その著者はこんな事を言っていた。「日本人も外国人も悪意はないが「悪い思い込み」をそれぞれに対して持っているはずだ。しかしそれはお互いの理解にとって大きな妨げとなる。」たしかにそうだ。日本人はアメリカを始めとする様々な国の人が持っていない感性を持っていると思っている人が多い。間違いではないかもしれないが、同じ人間なのだから、時間をかけて理解する人もいる。実際に、アメリカの人で落語を楽しむ人もいる。それだけでなく、日本発祥であるアニメを観光するために日本に様々な外国人が来ていることからも日本のことを諸外国は理解、少なくとも共感しているということが言えるだろう。そして筆者は終わりに「私は悲観的な話でこの話を終わらせたくない。日本と外国は今後お互いを理解し合うことができるだろう。」という形で終わらせた。しかし最後の文を見て具体的な対策はどうするの?等と質問を浴びせられて困っている著者の姿が想像できたので、ここは僕が一肌脱いで方法を考えてやろうではないかと思った。寒い床を歩くのはめっぽう気分が乗らないが、そろそろ起きないといけないということもあり、冬眠からさめたばかりの昆虫のような動きでパソコンに向かった。

まず、今後の関係を改善するならば、今の関係を見直す必要がある。日本、アメリカと順々に見ていこう。まず、日本について考えた。今の日本は題するならば「日本の物はやはり日本の者」であろう。
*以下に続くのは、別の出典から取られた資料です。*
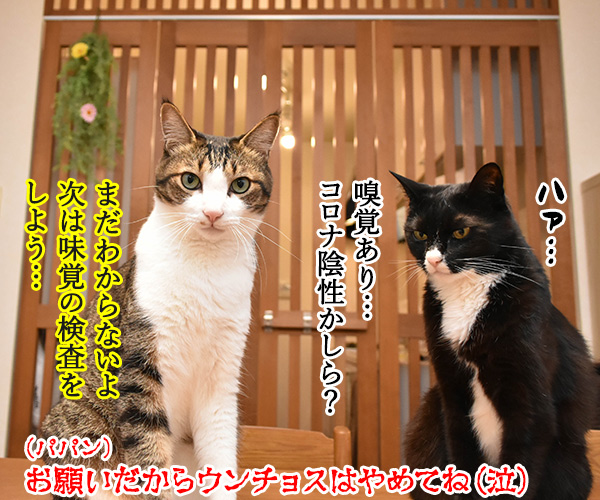 ウンチョスしたら準備オッケーなのッ　猫の写真で４コマ漫画　４コマ目ッ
そんな日本が目的とすべきことは自分の考えが全てだと思わないことだろう。日本のものを通して外国を批判するのは日本の文化も一緒に嗤っていることになる。次にアメリカだ。僕はアメリカに行ったことないから筆者の話から推測すると、題して「人類みなアメリカン」である。「は?どういうこと?」と思った人もいるかも知れないのでちゃんと説明すると、自分の国のものは日本人も理解してくれるはずだ、と思っているということだ。これも行き過ぎると相手に嫌な思いをさせることがある。一種の押し売り業者みたいだ。そんなアメリカが目指すべきところは人のことを考えられるようになることだろう。

日本、アメリカとそれぞれの目指す姿を見てきたが、これは一般の人にも言えるはずだ。前者の場合、自分の考えに縛られた状態では大切なことに気づけないことがある。理科の実験のように失敗した原因を究明するには多角的な視野が必要なのだ。

後者の場合、人とかかわらずに生きるなんて不可能である。Dr.STONEでも主人公の石神千空は石化から目覚めたあと、まず初めに人手を増やすことを考えた。しかし、人と関わるうえで相手のことを考える力がなければ、関係の破綻につながってしまうのだ。

前者、後者はどちらも一般に求められるスキルだ。どちらが大切かなどとは決めることができないし、決めることでもない。しかし、このスキルより大切で忘れてはならないことがある。よく学校の教師が人間関係で揉めた生徒に「人っていう字はな、人と人は支え合って生きていますよっていう意味が込められてるんだよ!」といっていると思う。そのように前者も後者もまず「相手」がいないと成り立っていない。まず相手に対する敬意を示すのが大切なのだ。

だからまず、日本人も、アメリカ人も相手のことを大切にするところから始めなくてはならない。パソコンに打ち込んだ議論を見返して、結局はここからだなと改めて思う。相手のことを敬うことは簡単そうで意外と難しい。だからこそ皆すべきなのだろうと思った。春の天気はよく乱れる。しかしいずれ夏が来る。人間と季節がわかり合える日も近づいてきているのかもしれない。